Animation scientifique

In this talk, I will introduce the family of neighborhood operator (NEO) logics which are extensions of existential MSO with predicates for querying neighborhoods of vertex sets. NEO logics have interesting modeling powers and nice algorithmic applications for several width parameters such as tree-width, clique-width, mim-width, and treedepth. NEO logics capture many important graphs problems such as Independent Set, generalizations of Dominating Set, and even CNF-SAT via the signed incidence graphs!

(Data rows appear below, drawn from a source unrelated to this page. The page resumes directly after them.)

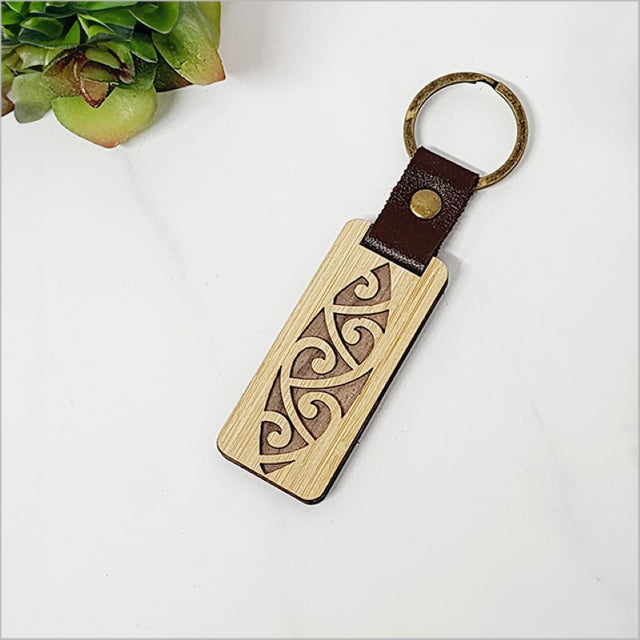 Eco-friendly bamboo keyring featuring unique laser cuts, combining style and sustainability for key organization.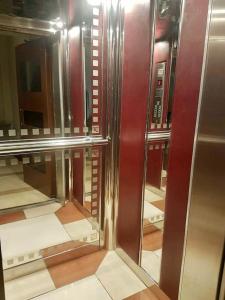 a row of glass doors in a elevator at Bright Top Floor Studio-Apartment in Kalamaki in Athens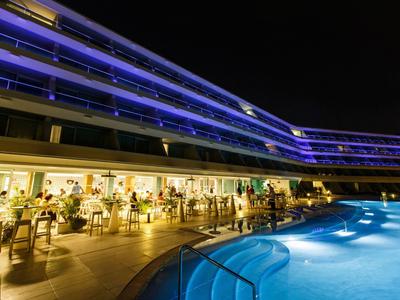Piscine bleue éclairée la nuit devant un hôtel avec terrasse animée.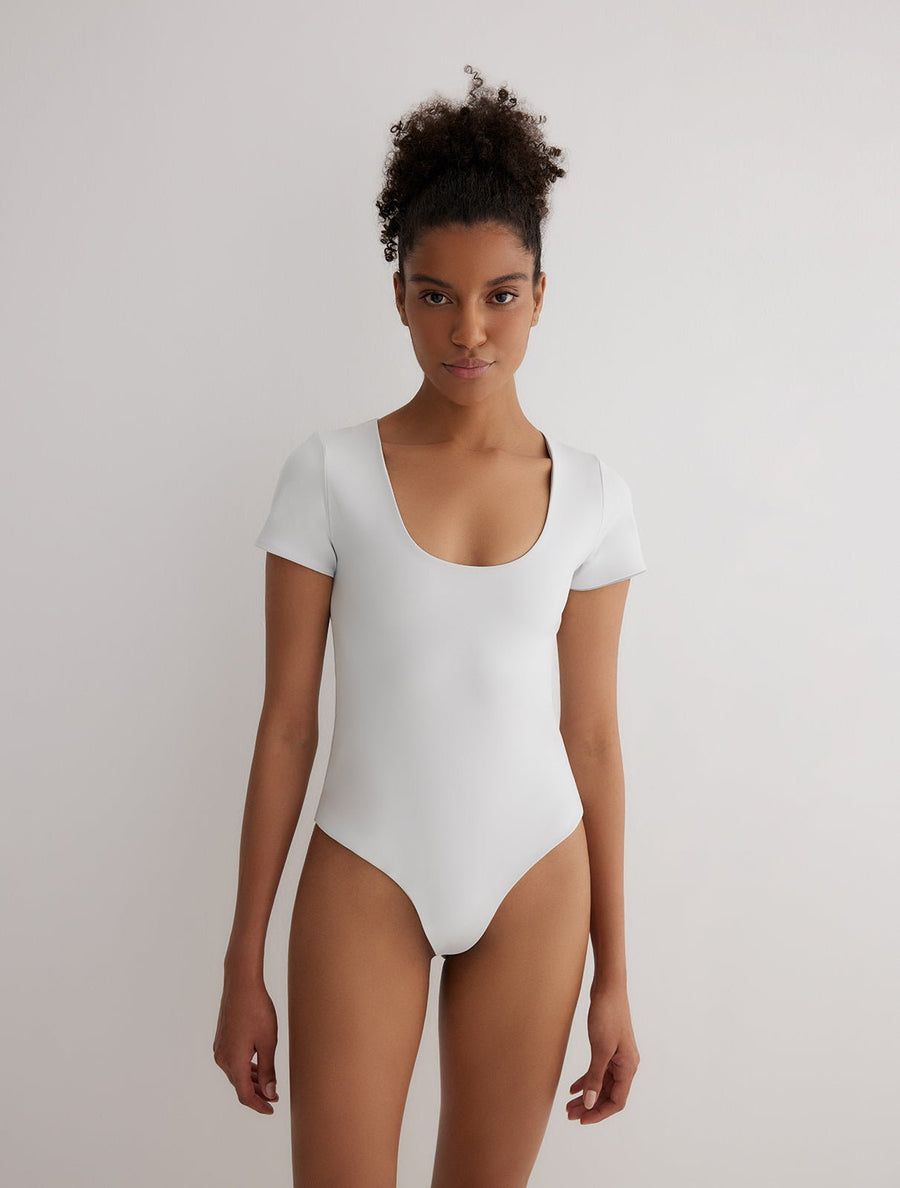 Front View: Model in Britt Grey/White Reversible Bodysuit - French & Italian Fabric, Special Lycra Xtralife Certificate, One Piece Fully Lined Bodysuit, MOEVA Luxury Swimwear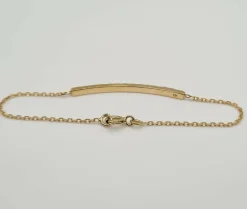 Bracelet or jaune 18 carats serti d’une barrette de diamants
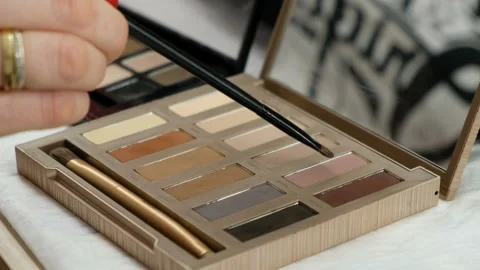 Close up of eye shadow. Professional makeup artist working Stock Footage 105600063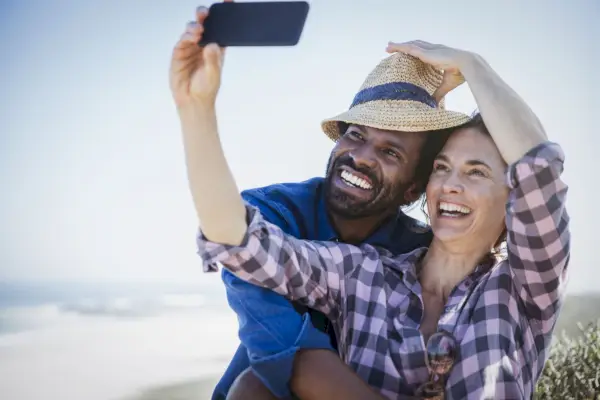 Playful, smiling multi-ethnic couple taking selfie with camera phone on sunny summer beach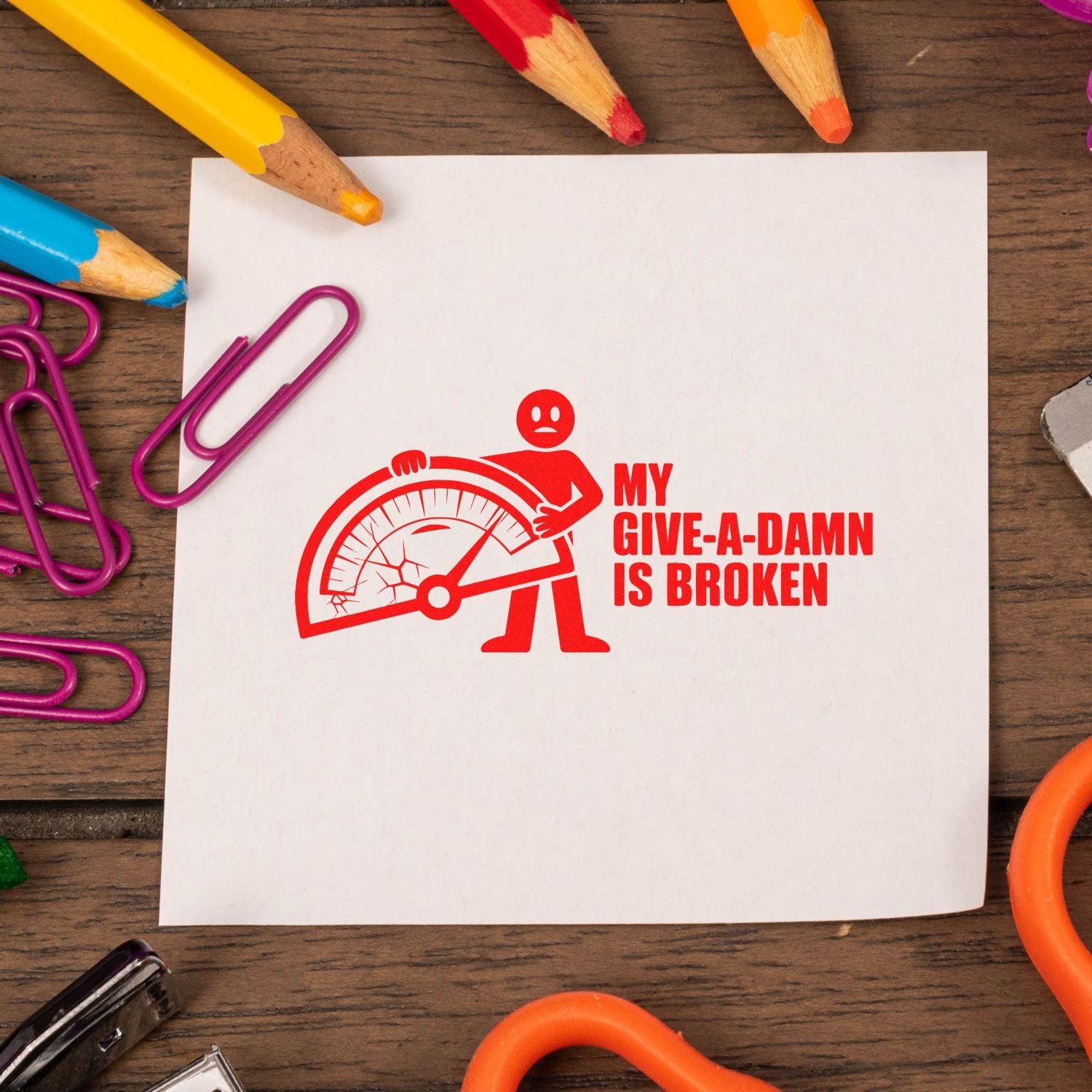Red self-inking stamp and seal reading My give-a-damn is broken with sad figure and broken gauge on white paper.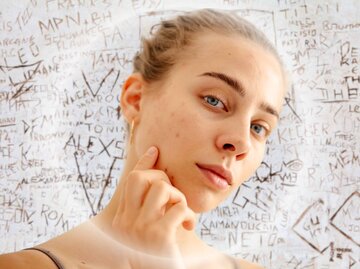 Junge Frau betrachtet ihre Haut und berührt ihr Kinn – Symbolbild für Selbstkritik und die Sympathie, die durch Unvollkommenheit entsteht. | © Getty Images/Maksym Belchenko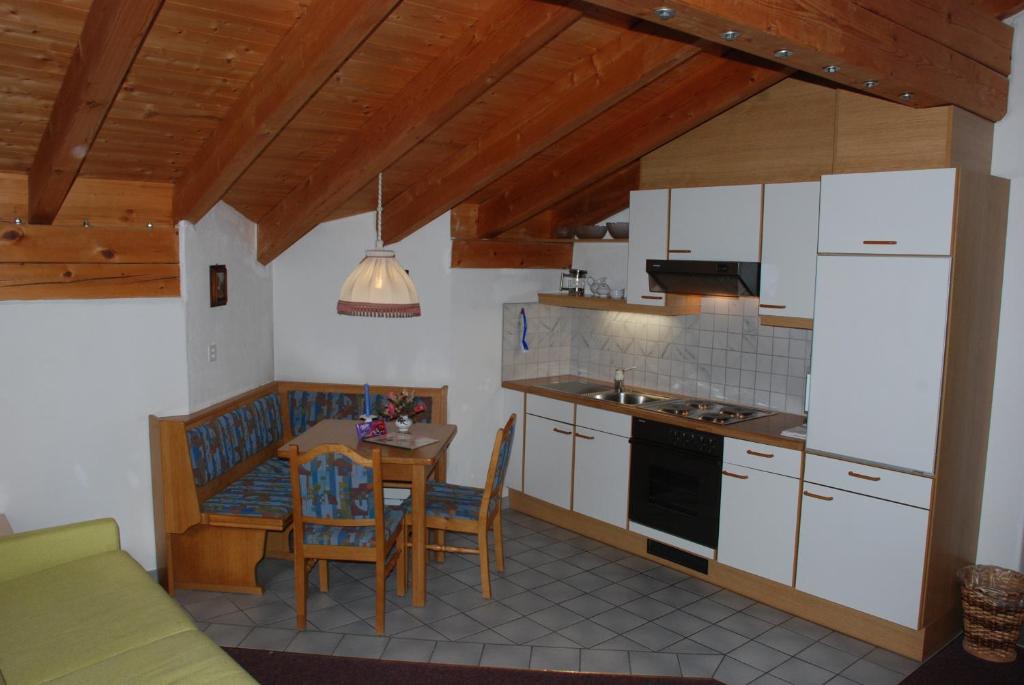 a kitchen with white cabinets and a table with chairs at Appartment & Taxi Tirana in Samnaun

We can capture more problems by considering various extensions of NEO logics with predicates for checking global constraints, for example, with connectivity constraints we can capture Hamiltonian Cycle and Longest Path.

In terms of algorithmic applications, NEO logics seem to be the perfect candidates for capturing many problems that can be solved efficiently in terms of width parameters.
This is suggested by the following three results:

For tree-width, the most powerful NEO logic can be model checked in single exponential time in terms of tree-width as implied by a result of Michal Pilipczuk [MFCS 2011] (arxiv.org/abs/1104.3057) and an equivalence between the modal logic used by Pilipczuk and this NEO logic proved in the following paper.

Jan Dreier, Lars Jaffke and I proved that, for an extension of one NEO logic, we can obtain an efficient model-checking algorithm in terms of several width parameters more general than tree-width such as clique-width, rank-width and mim-width [SODA 2023] (arxiv.org/abs/2202.13335).

Vera Checkan, Giannos Stamoulis and I proved that the most powerful NEO logic can be model checked in single exponential time and polynomial space for tree-depth [SODA 2026] (arxiv.org/abs/2510.19793).

These three results provide algorithmic meta-theorems that generalize and unify the most efficient algorithms based on these width parameters. The running times of the model checking algorithms are tight under ETH for each width parameter.